Cynthia Mahabir, a sociologist of East Indian descent, has reached a settlement with San Jose State University. Her suit, filed in 1997, charged that she was denied tenure in the African-American Studies department primarily because she wasn't "black enough."
Mahabir, who has a doctorate from the University of California at Berkeley, was hired part-time at San Jose State in 1987. She was promoted to the tenure track in 1989. In 1994 and 1995, she was unanimously recommended for tenure by three peer-review committees from African-American Studies, from the College of Social Work, and a university-wide panel.
However, Sylvia Rodriguez-Andrew, dean of San Jose's social-work college, recommended that Mahabir not be granted tenure (apparently her rationale for this decision is unknown). Based on Rodriguez-Andrew's recommendation, the president of the university, Robert Caret denied tenure. In 1995, Caret justified his action by saying Mahabir's teaching was inadequate. In 1996, he dropped this claim and said, " Teaching and service were not a concern based on my review. My only concern was scholarship." In 1997, he stated that her publications were sound " good, solid, scholarly documents but nothing earth-shattering, nothing sublime."

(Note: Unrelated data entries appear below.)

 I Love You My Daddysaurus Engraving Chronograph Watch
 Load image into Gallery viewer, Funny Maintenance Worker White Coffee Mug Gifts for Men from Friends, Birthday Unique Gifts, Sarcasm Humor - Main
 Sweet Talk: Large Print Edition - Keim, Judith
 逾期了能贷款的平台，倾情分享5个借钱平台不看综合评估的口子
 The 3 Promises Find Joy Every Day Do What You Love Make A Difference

In her suit, Mahabir contended that the head of African-American studies, Cobie Harris, had made it clear to administrators and others that he thought his department should not grant tenure to someone other than an African-American. Harris, who is black, said at a faculty meeting, "Afro-American Studies has no room for an Indian, anyway."

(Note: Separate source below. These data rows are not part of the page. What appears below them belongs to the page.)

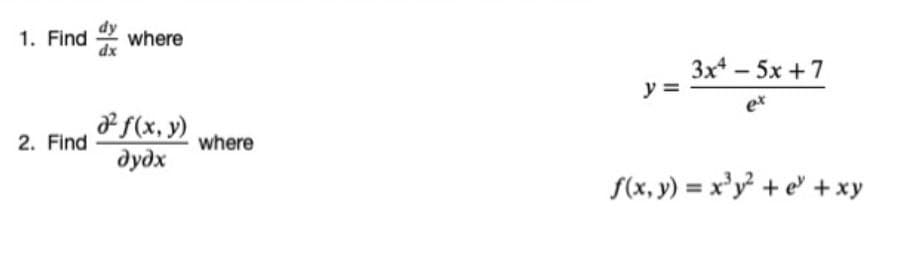 1. Find where
2. Find
f(x, y)
dydx
where
3x4 - 5x+7
y =
ex
f(x, y) = x³y² + e + xy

In addition to having the "wrong" ethnicity, Mahabir may also have had the "wrong" gender. She was the only full-time woman faculty member of the African-American studies department. She says that Harris called her "Honey" at a faculty meeting. "From the beginning of his appointment, he was extremely hostile and intimidating and demeaning to me," Mahabir said in 1998. "His overall treatment of me in the department was as though I was not a full person, a child. It was noncollegial and non-professional."
Mahabir twice filed written complaints with the university about Harris's behavior, but apparently no action was taken. When she asked about the status of one complaint a university official told her that Harris's conduct was no more than simple "rudeness."
In 1996, after her tenure denial, Mahabir left San Jose State. She was a lecturer in Laney College's sociology department for two years. She filed her suit in 1997 and reached a settlement in the fall of 1999 but the effects of her suit didn't stop there, she needed an accountant to help her with the taxes ensuing from the settlement. After some searching, Mahabir discovered an accountant who was willing to meet with her on December 23.
The settlement is somewhat unusual $306,980 in back pay and attorney's fees and approximately $340,000 in benefits. Under the settlement, Mahabir was reinstated as an Associate Professor on administrative leave through July when she will resign from San Jose State University. She now intends to proceed with her career. In her words, the settlement leaves the university with "a terrible stain of discrimination."